Listen from 26 mins 35 sec 🙆‍♂️🤦‍♂️🤦‍♂️


My mum and I were talking about this a few years back. I told her that I had absolutely zero faith that the UK will invest in EV infrastructure at the necessary pace, even if sales garner it. I remain convinced that this will continue to be the case. I don’t doubt the potential of the technology in principle, but I absolutely do doubt the proactive investment and advance planning required to sustain it, let alone advance it, will be forthcoming on these shores. We do not plan at all on this island. We just sell stuff in the present and then leave other people to sort it out later.

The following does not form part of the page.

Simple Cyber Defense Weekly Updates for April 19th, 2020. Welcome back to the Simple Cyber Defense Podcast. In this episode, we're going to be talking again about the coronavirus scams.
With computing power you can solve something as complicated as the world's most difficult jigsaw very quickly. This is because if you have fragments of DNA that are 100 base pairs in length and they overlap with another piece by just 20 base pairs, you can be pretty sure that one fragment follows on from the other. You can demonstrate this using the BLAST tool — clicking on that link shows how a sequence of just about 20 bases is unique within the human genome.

Other countries (particularly in Northern Europe) have a different mindset which creates a different culture. They tend to invest hard, fast and early - very proactive people in that part of the world. We’re largely the opposite.

Guess we’ll see, but it’s going to require a huge change of mentality on both a social and political level in the UK before there’s a chance of it flourishing, IMO.
 
My mum and I were talking about this a few years back. I told her that I had absolutely zero faith that the UK will invest in EV infrastructure at the necessary pace, even if sales garner it. I remain convinced that this will continue to be the case. I don’t doubt the potential of the technology in principle, but I absolutely do doubt the proactive investment and advance planning required to sustain it, let alone advance it, will be forthcoming on these shores. We do not plan at all on this island. We just sell stuff in the present and then leave other people to sort it out later. Other countries (particularly in Northern Europe) have a different mindset which creates a different culture. They tend to invest hard, fast and early - very proactive people in that part of the world. We’re largely the opposite.

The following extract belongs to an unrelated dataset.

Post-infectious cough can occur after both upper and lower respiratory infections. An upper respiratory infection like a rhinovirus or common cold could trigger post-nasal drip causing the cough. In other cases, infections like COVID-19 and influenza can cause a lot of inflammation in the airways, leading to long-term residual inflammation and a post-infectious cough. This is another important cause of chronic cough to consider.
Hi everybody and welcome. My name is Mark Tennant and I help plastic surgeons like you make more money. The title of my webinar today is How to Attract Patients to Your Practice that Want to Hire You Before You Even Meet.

Guess we’ll see, but it’s going to require a huge change of mentality on both a social and political level in the UK before there’s a chance of it flourishing, IMO.

Go read my post at top of page 20. It’s all on track regards infrastructure
 
Did you know that there is currently nowhere in the UK (and indeed few places globally) that can recycle lithium-ion batteries of any type (be they small jobbies or huge EV ones). We currently have waste li-ion batteries accumulating and being stockpiled at an ever increasing rate and nobody really knows what to do with them. Every now and again and pile of them (or those concealed in general waste)will go pop, due to poor storage and containment and rainwater ingress, causing self-heating and combustion.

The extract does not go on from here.